The All Blacks never really make the same mistake twice against the same opponent. The best illustration of that was against the Irish in 2012 when they turned around a 21-19 result to a 60-0 one a week later. The same thing happened when the Irish dared beat them in 2016 and 2018, the next matches between the two sides were brutally efficient wins. But no one wants to see that happen with these Fijians, who have proven themselves to be popular visitors and an intriguing case study in what might happen when the Drua enter Super Rugby next year.
What we do want to see is at least some sort of picture forming around what exactly is the top All Black side heading into a very long test campaign. The 15th test for the season was confirmed this week, making it the most intensive in the professional era (although nothing can be taken for granted in the current global situation), but question marks still linger over Ian Foster’s All Blacks.
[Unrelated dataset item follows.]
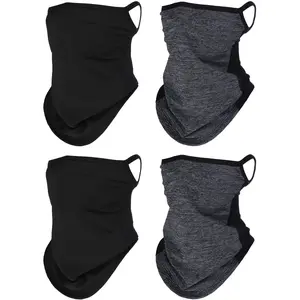 4 Pcs Neck Gaiter with Ear Loops Quick Dry Breathable Ice Silk Bandana Cloth Face Cover for Men Women Winter Non Slip Headwear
At full time of Saturday’s test at FMG Stadium Waikato we could know who out of Richie Mo’unga and Beauden Barrett will be starting at first five for the big tests this year. At the moment it looks like Mo’unga has the inside running but it’s likely Foster will use Barrett’s turn off the bench to give him another opportunity to press his case. If he doesn’t, this will be a stark fall from grace for Barrett, who effectively will have chucked his starting spot away after chasing a sojourn in Japan. Sure, he’s probably a million dollars richer, but it’s not too much of a stretch to see him out of the squad entirely given the utility value of Damian McKenzie and Will Jordan.
We could know as well if Ardie Savea has recovered sufficiently from his injury sustained in Super Rugby to be carrying the workload at openside. The team’s stocks in the position have gone from booming to shaky, with the injured Sam Cane and Dalton Papalii leaving Savea back in a starting spot a bit earlier than even he thought. Luke Jacobson can cover there as well, but one more knock to either of those two and Foster will be looking down the depth chart to bring someone in.
Then there’s the midfield. It’s been an area of uncertainty ever since the retirement of Ma’a Nonu and Conrad Smith, which was six long years ago. Since then it’s been a revolving cast of characters and Saturday sees the latest combination given a run with David Havili pairing up with Anton Lienert-Brown. Again though, Rieko Ioane is waiting on the bench to presumably have another crack at retaining the spot he held last season.
Which leaves us with question marks still remaining over hooker, after Dane Coles scored four tries off the bench last weekend and made up a lot of ground on Codie Taylor, and if Akira Ioane can shake the enigma tag and start consistently producing test match level performances.
It’s a lot to try and find out in one test against Fiji, which makes it entirely likely we’re still going to be looking for the answers when the Rugby Championship starts.